13.Propostas para um Brasil melhor:

13.1.obrigatoriedade de estudo de viabilidade técnico-econômica anterior ao lançamento do edital de concorrência, descartando-se obras que não contribuam para o desenvolvimento do país;

13.2.obrigatoriedade de projeto executivo de engenharia antes da licitação do projeto, permitindo a elaboração de orçamentos realistas e evitando-se assim previsões inexequíveis que causem má qualidade na execução, atrasos, rescisões ou a combinação de todos estes fatores;

13.3.obrigatoriedade de obtenção prévia de licenças ambientais, evitando-se contestações judiciais ao longo da execução do projeto e o início de obras que estejam em desacordo com a legislação; (grifos acrescidos)
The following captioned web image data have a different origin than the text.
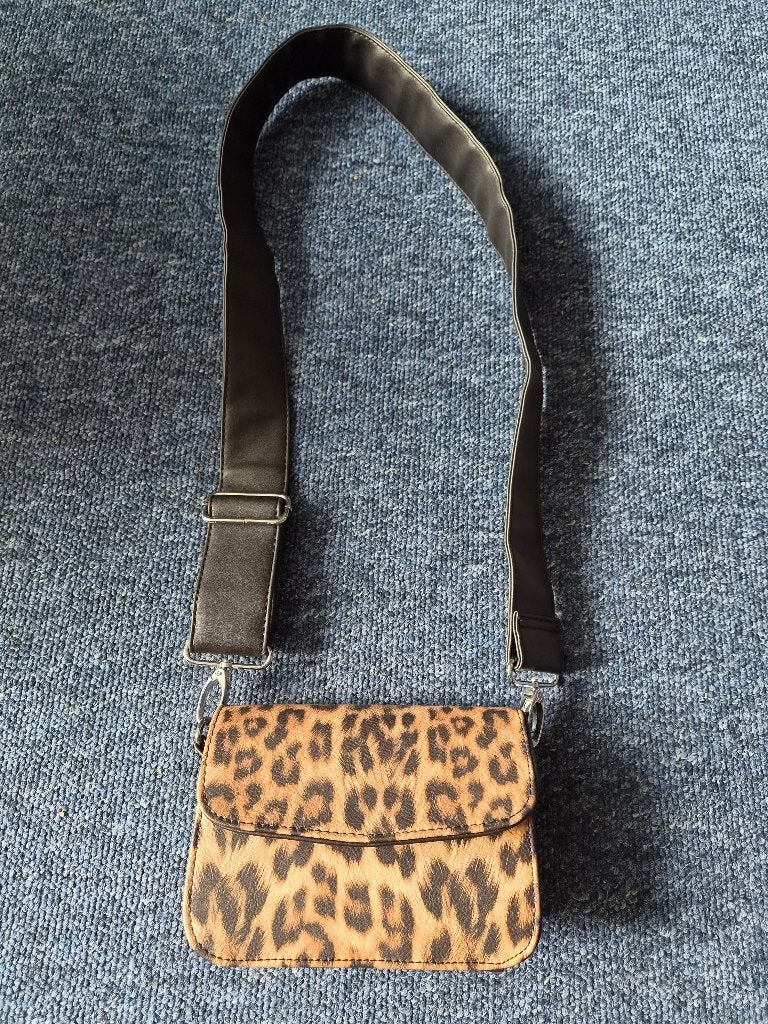 Schoudertasje panterprint, Sieraden, Tassen en Uiterlijk, Tassen | Damestassen, Ophalen of Verzenden, Nieuw, Bruin, Schoudertasje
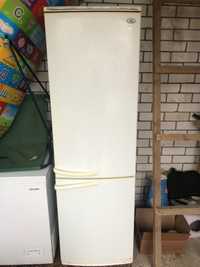 Холодильник Атлант 1,95 см. В идеальном  состоянии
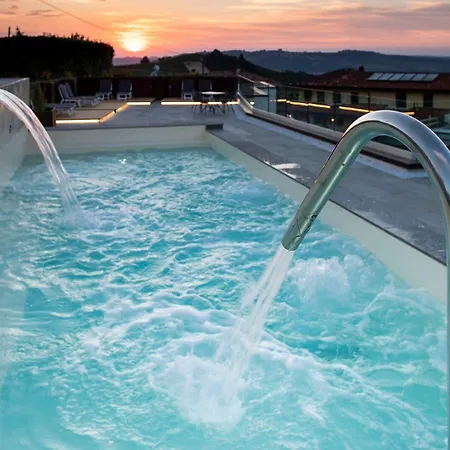 Casa Nicolini 3*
14.Ou seja, na opinião da aludida empresa, as principais causas de irregularidades em obras públicas no país estão relacionadas à etapa de elaboração dos projetos de engenharia, seja (i) no estudo de viabilidade técnico-econômica; (ii) na confecção prévia do projeto executivo; e (iii) adequação dos projetos aos ditames dos órgãos de controle ambiental.

15.O estudo de viabilidade técnica-econômica precede a elaboração dos projetos. Inexistindo esse estudo, ou havendo deficiência nessa parte, todas as etapas posteriores encontram-se prejudicadas. Porém, os dados do Fiscobras apontam para a existência de obras relevantes para o país que estão sendo realizadas sem esse estudo.

16.Assim, não restam comprovados (i) a necessidade do empreendimento; (ii) a utilidade dos investimentos para a sociedade; (iii) o potencial retorno socioeconômico; (iv) e a viabilidade de manutenção/operação no pós-obra. Cita-se, aqui, exemplos de obras nessa situação presentes nesse relatório do Fiscobras e classificadas como IGP, tais como: BRT de Palmas (Acórdão 460/2017-TCU-Plenário, relator Min. André de Carvalho) e Implantação da Vila Olímpica de Parnaíba (Acórdão 2.394/2013-TCU-Plenário, relator Min. André de Carvalho).

17.Quanto a elaboração prévia de projeto executivo que permitiria a “realização de orçamentos realísticos”, alude-se essa questão/problema é confirmada na quantidade de achados das fiscalizações do Fiscobras (Sobrepreço/superfaturamento e Falhas nas composições de custos), fielmente retratada no gráfico retrocitado, bem como sobrepreços/superfaturamentos e falhas nas composições são decorrentes de projetos/orçamentos deficientes.

18.Além disso, nessa segunda sugestão, existe uma situação de causa-efeito quando se utiliza projetos deficientes resultando em orçamentos deficientes e que ocasionam “previsões inexequíveis que causem má qualidade na execução, atrasos, rescisões ou a combinação de todos estes fatores”. Tais fatos também são confirmados nos demais achados presentes no gráfico (descumprimento do cronograma físico, aditivos irregulares, outras irregularidades na execução e objeto entregue com qualidade deficiente).